* **Dataset content**:
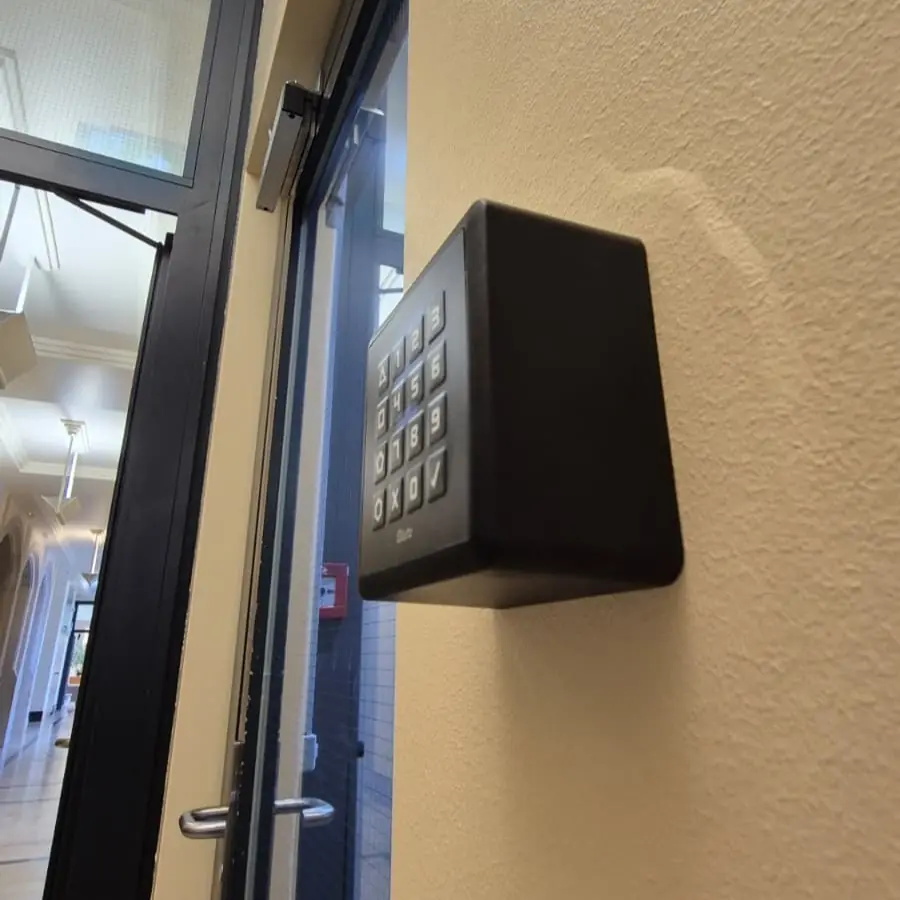 Serrurier Neuchâtel - Mise en place d'une ventouse magnétique sur un contrôle d'accès sécurisé avec digicode.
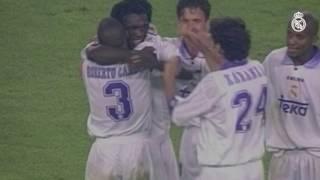 Clarence Seedorf's derby day rocket! 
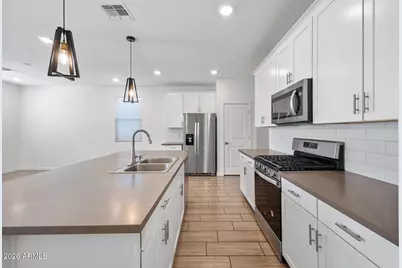 4121 S 67th Drive, Phoenix, AZ 85043 - Photo 13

* **What is needed**: In the listing above, transcribe exactly the lines from the line containing "Clarence Seedorf's derby day rocket!" through the last one, both included, but not the pictures.

* **Result of the exercise**:
 Clarence Seedorf's derby day rocket! 
 4121 S 67th Drive, Phoenix, AZ 85043 - Photo 13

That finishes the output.